La gestion de l’immeuble a été confiée à la S.A. VILOGIA PRIVILEGE.
Le 12 juillet 2022, S.A. VILOGIA PRIVILEGE venant aux droits de la SA VILOGIA a fait signifier à Madame [E] [T] un commandement de payer les loyers et charges impayés visant la clause résolutoire.
Par exploit d’huissier du 25 octobre 2022, S.A. VILOGIA PRIVILEGE venant aux droits de la SA VILOGIA a fait assigner Madame [E] [T], pour l’audience du douze Janvier deux mil vingt trois, devant le juge des contentieux de la protection du tribunal judiciaire de Lille, aux fins de :
— constater ou à défaut prononcer la résiliation du bail portant sur l’immeuble sis à [Adresse 2] pour défaut de paiement de loyers ;
— ordonner l’expulsion de Madame [E] [T] ;
— la condamner au paiement :
— de la somme de 6533,19 euros au titre des loyers et charges impayés avec intérêts au taux légal ;
— d’une indemnité d’occupation mensuelle égale au montant du dernier loyer et des charges, dont le montant pourra être réajusté au cas où les charges réelles dépasseraient le montant de la provision jusqu’à la libération effective des lieux ;
— de la somme de 150 euros en application de l’article 700 du code de procédure civile ;
— condamner Madame [E] [T] aux entiers dépens ;
— ordonner l’exécution provisoire.
A l’audience, S.A. VILOGIA PRIVILEGE venant aux droits de la SA VILOGIA a sollicité le bénéfice de son acte introductif d’instance, sauf à actualiser sa demande principale à la somme de 1926,15 euros, selon décompte arrêté au 6 novembre 2023. Le bailleur indique ne pas s’opposer à une demande de délais de paiement.
Il est expressément fait référence aux conclusions de la S.A. VILOGIA visées le 16 novembre 2023 et notifiées à Madame [T] par LR avec AR du 5 août 2023.
Madame [E] [T] a sollicité des délais de paiement, proposant de s’acquitter de sa dette par versements mensuels de 250 euros, outre le loyer courant.

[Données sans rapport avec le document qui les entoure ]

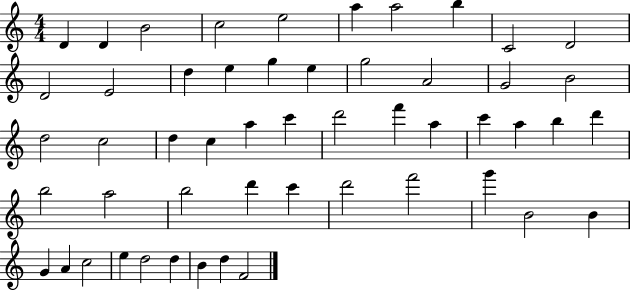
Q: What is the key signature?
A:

Elle expose qu’il y a eu une fuite d’eau à l’extérieur au niveau du compteur d’eau et que la S.A. VILOGIA devait lui rembourser les factures d’eau OCEA de 1000 euros et 1800 euros reçues en 2018.

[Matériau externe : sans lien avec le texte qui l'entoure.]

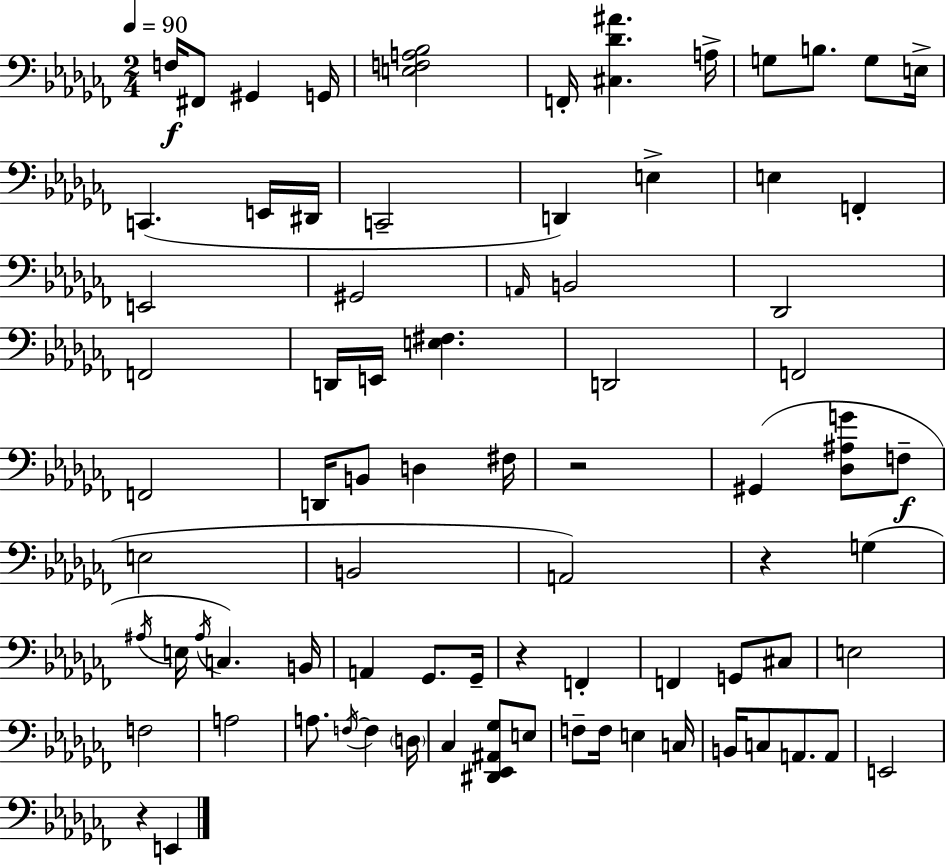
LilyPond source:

{
  \clef bass
  \numericTimeSignature
  \time 2/4
  \key aes \minor
  \tempo 4 = 90
  \repeat volta 2 { f16\f fis,8 gis,4 g,16 | <e f a bes>2 | f,16-. <cis des' ais'>4. a16-> | g8 b8. g8 e16-> | \break c,4.( e,16 dis,16 | c,2-- | d,4) e4-> | e4 f,4-. | \break e,2 | gis,2 | \grace { a,16 } b,2 | des,2 | \break f,2 | d,16 e,16 <e fis>4. | d,2 | f,2 | \break f,2 | d,16 b,8 d4 | fis16 r2 | gis,4( <des ais g'>8 f8--\f | \break e2 | b,2 | a,2) | r4 g4( | \break \acciaccatura { ais16 } e16 \acciaccatura { ais16 } c4.) | b,16 a,4 ges,8. | ges,16-- r4 f,4-. | f,4 g,8 | \break cis8 e2 | f2 | a2 | a8. \acciaccatura { f16~ }~ f4 | \break \parenthesize d16 ces4 | <dis, ees, ais, ges>8 e8 f8-- f16 e4 | c16 b,16 c8 a,8. | a,8 e,2 | \break r4 | e,4 } \bar "|."
}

Le conseil de Madame [T] a dégagé sa responsabilité.
L’affaire a été mise en délibéré au 1er février 2024 puis prorogée au 14 Mars 2024.
MOTIFS DE LA DÉCISION
Sur la recevabilité :
Le bailleur justifie avoir saisi la Commission de coordination des actions de prévention des expulsions locatives le 13 juillet 2022 puis avoir notifié au préfet du Nord, le 26 octobre 2022 l’assignation visant à obtenir l’expulsion, conformément aux dispositions de l’article 24 II de la loi n°89-462 du 6 juillet 1989.
Son action est donc recevable.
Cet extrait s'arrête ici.